Records from a dataset:
---*---
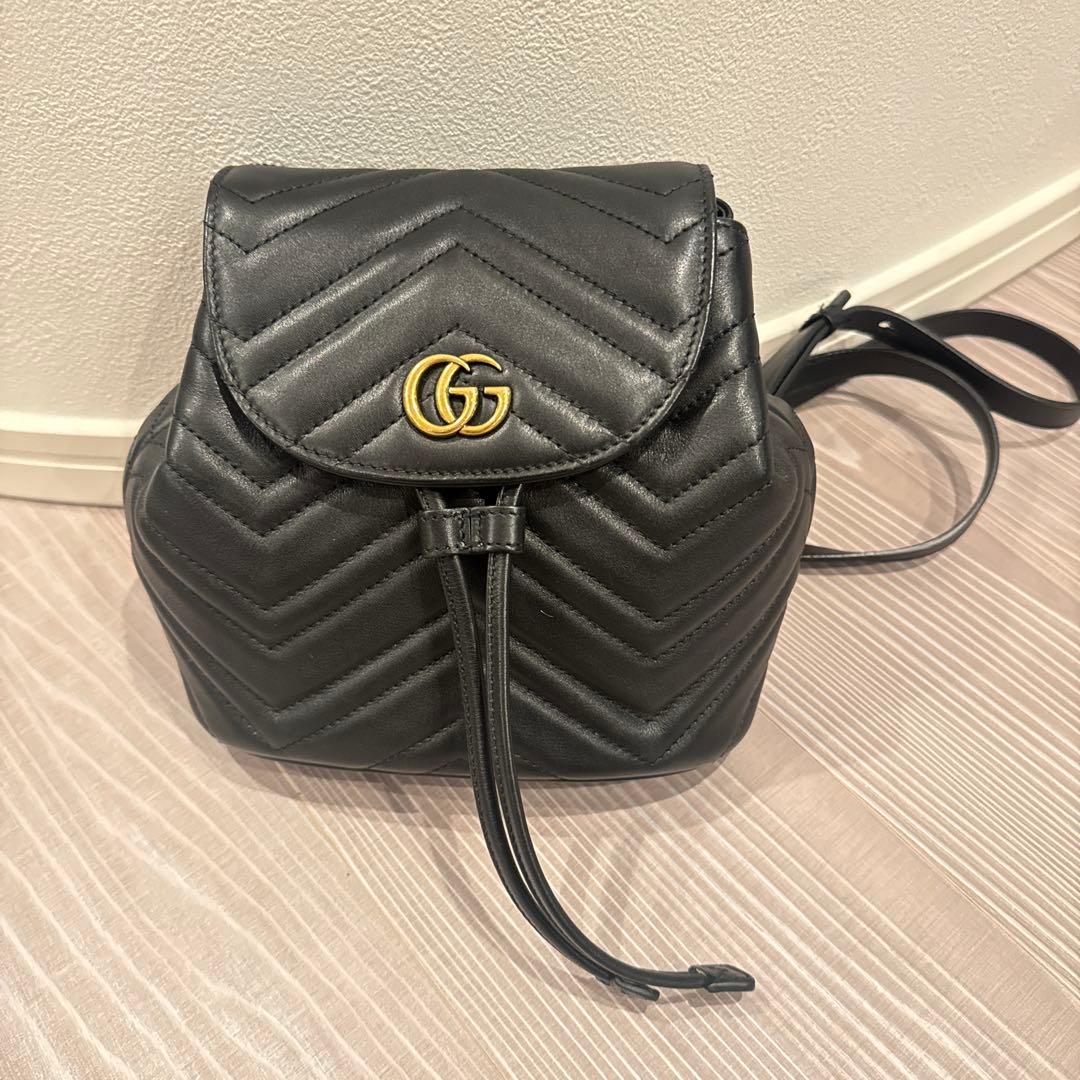 Gucci ブラック ショルダーバッグ キルティング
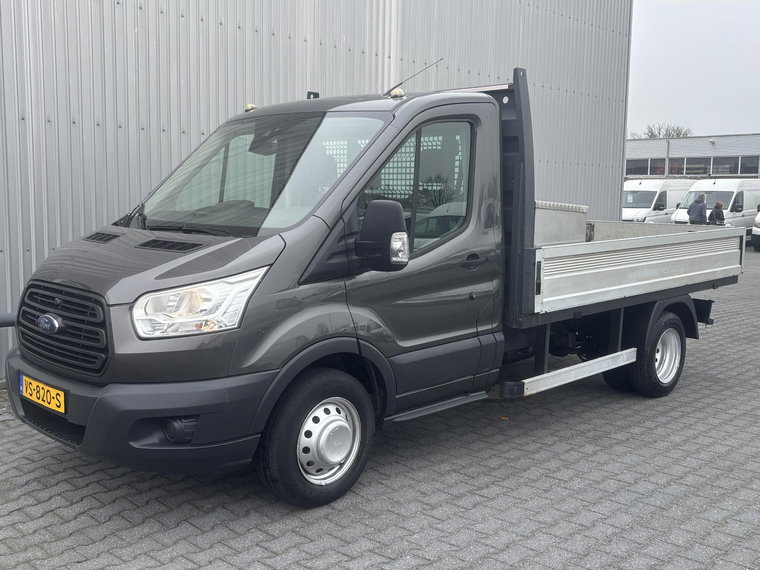 Vehicle Image 8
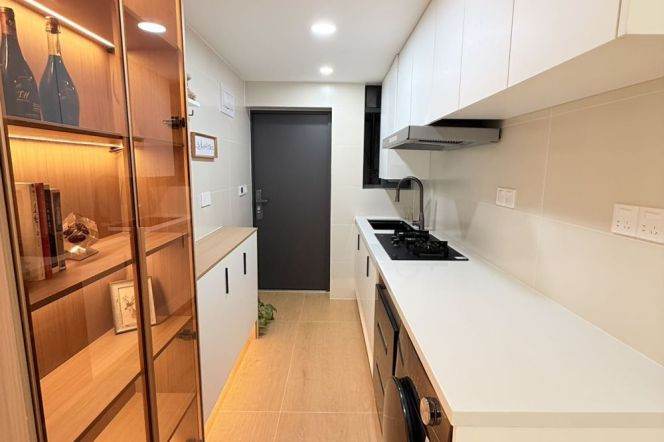Zhongshan park 1br 1lr@L2/3/4,central AC/Brand new/bright room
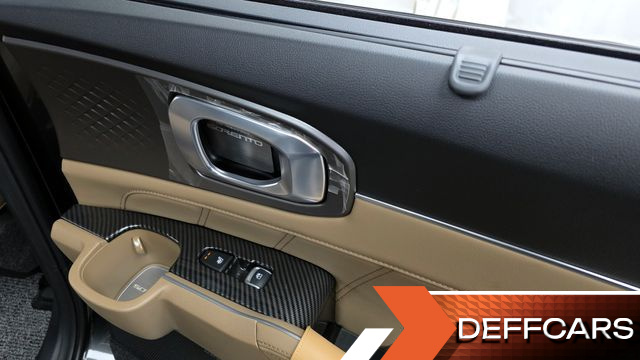 Kia SORENTO Gasoline 2.5T 4WD Gravity купить на сайте DeffCars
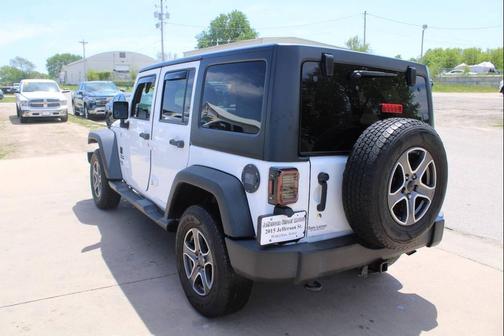 Bright White Clearcoat 2017 Jeep Wrangler Unlimited Sport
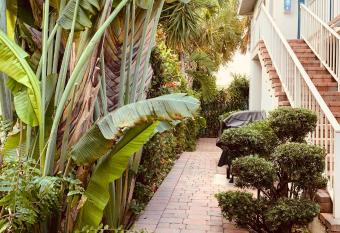 4145 By The Sea Inn & Suites has Balcony rooms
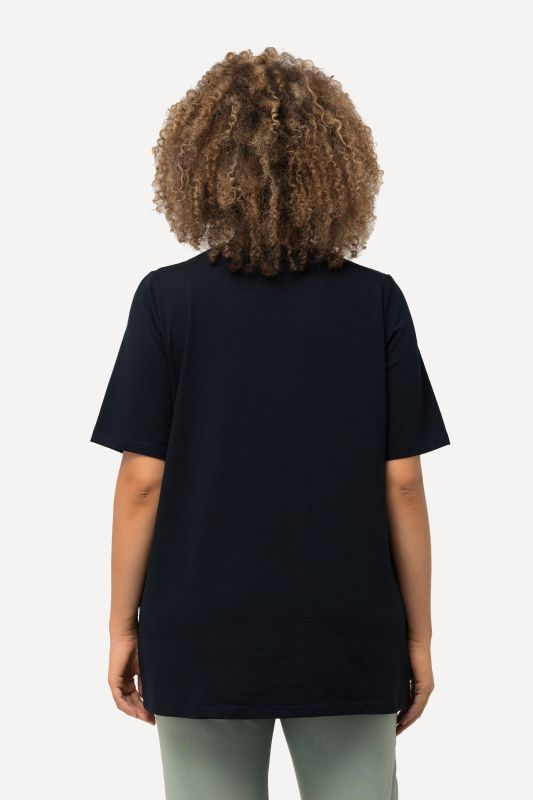 T-shirt à coupe évasée. Décolleté en V et manches courtes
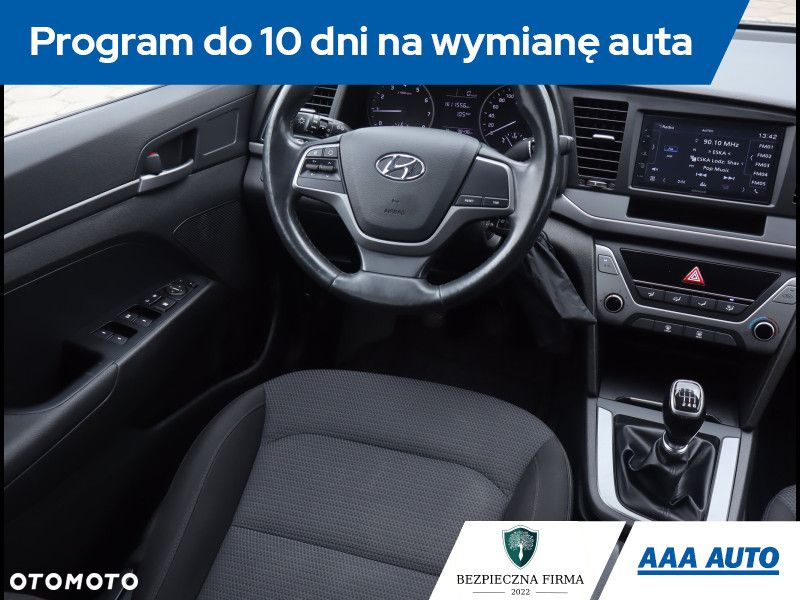 Hyundai Elantra - 8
---*---
Directions: The entries above are to be repeated in full, except for their pictures.

Solution for this problem:
 Gucci ブラック ショルダーバッグ キルティング
 Vehicle Image 8
Zhongshan park 1br 1lr@L2/3/4,central AC/Brand new/bright room
 Kia SORENTO Gasoline 2.5T 4WD Gravity купить на сайте DeffCars
 Bright White Clearcoat 2017 Jeep Wrangler Unlimited Sport
 4145 By The Sea Inn & Suites has Balcony rooms
 T-shirt à coupe évasée. Décolleté en V et manches courtes
 Hyundai Elantra - 8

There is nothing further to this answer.